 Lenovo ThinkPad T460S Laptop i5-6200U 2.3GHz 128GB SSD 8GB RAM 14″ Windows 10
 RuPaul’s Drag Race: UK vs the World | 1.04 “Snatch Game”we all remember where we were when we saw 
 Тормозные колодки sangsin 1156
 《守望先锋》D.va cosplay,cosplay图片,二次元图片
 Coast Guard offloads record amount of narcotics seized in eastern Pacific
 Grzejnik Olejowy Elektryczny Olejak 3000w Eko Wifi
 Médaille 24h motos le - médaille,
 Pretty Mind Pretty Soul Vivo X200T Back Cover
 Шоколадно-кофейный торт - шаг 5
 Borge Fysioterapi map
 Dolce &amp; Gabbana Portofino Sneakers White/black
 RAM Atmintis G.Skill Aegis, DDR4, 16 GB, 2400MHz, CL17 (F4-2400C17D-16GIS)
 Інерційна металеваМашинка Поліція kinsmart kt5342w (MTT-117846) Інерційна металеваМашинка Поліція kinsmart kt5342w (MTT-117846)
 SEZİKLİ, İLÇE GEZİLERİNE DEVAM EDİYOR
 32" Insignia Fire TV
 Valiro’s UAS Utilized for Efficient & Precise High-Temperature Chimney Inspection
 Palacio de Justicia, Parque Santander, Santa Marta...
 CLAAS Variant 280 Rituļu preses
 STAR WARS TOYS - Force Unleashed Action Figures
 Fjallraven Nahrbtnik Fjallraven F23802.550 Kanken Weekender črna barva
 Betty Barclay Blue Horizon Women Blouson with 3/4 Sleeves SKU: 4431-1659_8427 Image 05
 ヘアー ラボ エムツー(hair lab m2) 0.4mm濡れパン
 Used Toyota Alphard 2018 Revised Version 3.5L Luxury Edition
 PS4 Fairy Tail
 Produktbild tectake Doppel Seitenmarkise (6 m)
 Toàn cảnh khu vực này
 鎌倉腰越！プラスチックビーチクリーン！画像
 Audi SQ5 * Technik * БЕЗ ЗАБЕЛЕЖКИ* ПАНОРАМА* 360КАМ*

══════════════════════════════

> _Work item_
The response should consist only of the lines running from the one that contains "Fjallraven Nahrbtnik Fjallraven" through the end of the material, repeated exactly.

> _Answer to the problem_
 Fjallraven Nahrbtnik Fjallraven F23802.550 Kanken Weekender črna barva
 Betty Barclay Blue Horizon Women Blouson with 3/4 Sleeves SKU: 4431-1659_8427 Image 05
 ヘアー ラボ エムツー(hair lab m2) 0.4mm濡れパン
 Used Toyota Alphard 2018 Revised Version 3.5L Luxury Edition
 PS4 Fairy Tail
 Produktbild tectake Doppel Seitenmarkise (6 m)
 Toàn cảnh khu vực này
 鎌倉腰越！プラスチックビーチクリーン！画像
 Audi SQ5 * Technik * БЕЗ ЗАБЕЛЕЖКИ* ПАНОРАМА* 360КАМ*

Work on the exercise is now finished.